Home Nasional Pembangunan IKN Nusantara, Keselamatan Rakyat Tidak Penting!

Pembangunan IKN Nusantara, Keselamatan Rakyat Tidak Penting!

Jakarta, Gatra.com - Direktur Eksekutif Wahana Lingkungan Hidup Kalimantan Timur (WALHI Kaltim), Yohana Tiko menyebut bahwa keselamatan rakyat tidak begitu penting bagi pembangunan Ibu Kota Negara (IKN) Nusantara.

Hal itu dikatakannya lantaran pembangunan ibu kota baru di Kecamatan Sepaku, Kabupaten Penajam Paser Utara, Kalimantan Timur berpotensi menggusur masyarakat setempat.
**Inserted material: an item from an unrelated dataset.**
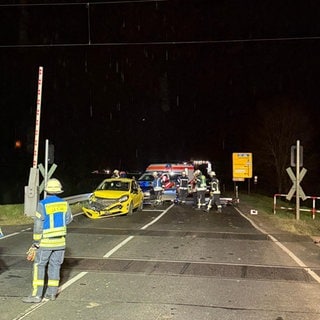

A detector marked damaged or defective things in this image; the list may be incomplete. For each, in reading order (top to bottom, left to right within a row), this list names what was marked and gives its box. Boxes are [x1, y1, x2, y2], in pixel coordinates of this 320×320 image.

yellow damaged car [82, 178, 144, 220]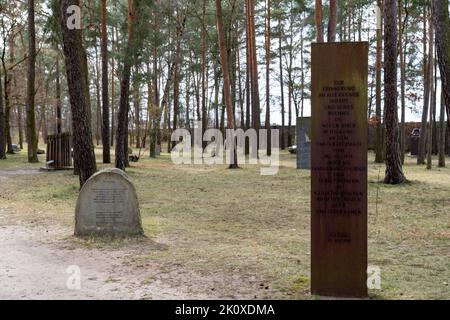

Pasalnya, di wilayah seluas 256 ribu hektare ini terdapat 150 kepala keluarga dari Suku Balik, Suku Paser, transmigran, dan 10.000 nelayan tradisional.

"Presiden dan jajarannya juga tidak mendengarkan apa yang selalu kita sampaikan bahwa disitu bukan lahan kosong, tapi ada masyarakat dan juga nelayan tradisional," katanya dalam diskusi virtual pada Jumat (18/3).

Menurutnya, berdasarkan data Badan Pertanahan Nasional (BPN) tahun 2020, sekitar 41% dari kawasan itu sudah dikuasai oleh masyarakat. "Jadi ada 20.000 jiwa yang akan tergusur di wilayah seluas 256 ribu hektare itu," ujarnya.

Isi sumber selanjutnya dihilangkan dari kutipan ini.